■ EXERCISE REQUIREMENTS ■
Please output each line of the data exactly as it appears.

■ DATA FOR THIS EXERCISE ■
= Beginning of Section =
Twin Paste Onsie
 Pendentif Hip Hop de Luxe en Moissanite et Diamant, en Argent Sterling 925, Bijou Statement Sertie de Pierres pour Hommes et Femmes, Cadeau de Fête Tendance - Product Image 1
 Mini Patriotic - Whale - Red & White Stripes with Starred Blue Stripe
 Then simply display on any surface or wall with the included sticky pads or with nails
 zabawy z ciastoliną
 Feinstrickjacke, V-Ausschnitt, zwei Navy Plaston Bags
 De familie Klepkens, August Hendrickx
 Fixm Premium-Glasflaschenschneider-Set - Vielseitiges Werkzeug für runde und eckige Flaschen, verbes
= End of Section =
■ EXERCISE RESULT ■
Twin Paste Onsie
 Pendentif Hip Hop de Luxe en Moissanite et Diamant, en Argent Sterling 925, Bijou Statement Sertie de Pierres pour Hommes et Femmes, Cadeau de Fête Tendance - Product Image 1
 Mini Patriotic - Whale - Red & White Stripes with Starred Blue Stripe
 Then simply display on any surface or wall with the included sticky pads or with nails
 zabawy z ciastoliną
 Feinstrickjacke, V-Ausschnitt, zwei Navy Plaston Bags
 De familie Klepkens, August Hendrickx
 Fixm Premium-Glasflaschenschneider-Set - Vielseitiges Werkzeug für runde und eckige Flaschen, verbes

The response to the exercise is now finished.